By: Ravie Lakshmanan
Microsoft on Thursday warned of a “massive email campaign” that’s pushing a Java-based STRRAT malware to steal confidential data from infected systems while disguising itself as a ransomware infection.
“This RAT is infamous for its ransomware-like behavior of appending the file name extension .crimson to files without actually encrypting them,” the Microsoft Security Intelligence team said in a series of tweets.
The new wave of attacks, which the company spotted last week, commences with spam emails sent from compromised email accounts with “Outgoing Payments” in the subject line, luring the recipients into opening malicious PDF documents that claim to be remittances, but in reality, connect to a rogue domain to download the STRRAT malware.
Besides establishing connections to a command-and-control server during execution, the malware comes with a range of features that allow it to collect browser passwords, log keystrokes, and run remote commands and PowerShell scripts.
STRRAT first emerged in the threat landscape in June 2020, with German cybersecurity firm G Data observing the Windows malware (version 1.2) in phishing emails containing malicious Jar (or Java Archive) attachments.
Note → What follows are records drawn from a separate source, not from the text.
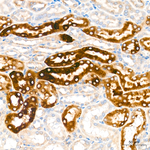 CYP51A1 Antibody in Immunohistochemistry (Paraffin) (IHC (P))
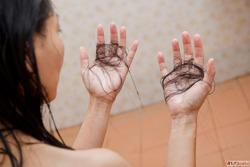 Can Dandruff Be the Reason Behind Your Hair Fall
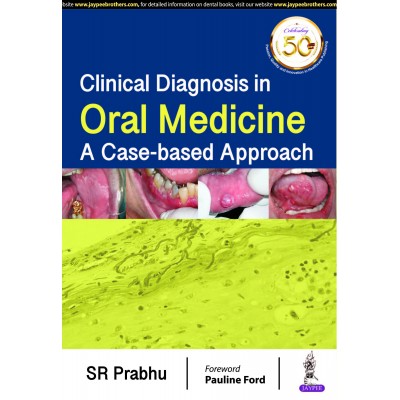 Clinical Diagnosis in Oral Medicine: A Case-based Approach;1st Edition 2019 By SR Prabhu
“The RAT has a focus on stealing credentials of browsers and email clients, and passwords via keylogging,” G Data malware analyst Karsten Hahn detailed. “It supports the following browsers and email clients: Firefox, Internet Explorer, Chrome, Foxmail, Outlook, Thunderbird.”
Its ransomware capabilities are at best rudimentary in that the “encryption” stage only renames files by suffixing the “.crimson” extension. “If the extension is removed, the files can be opened as usual,” Kahn added.
Microsoft also notes that version 1.5 is more obfuscated and modular than previous versions, suggesting that the attackers behind the operation are actively working to improvise their toolset. But the fact that the bogus encryption behavior remains unchanged signals that the group may be aiming to make quick money off unsuspecting users by means of extortion.
The indicators of compromise (IoCs) associated with the campaign can be accessed via GitHub here.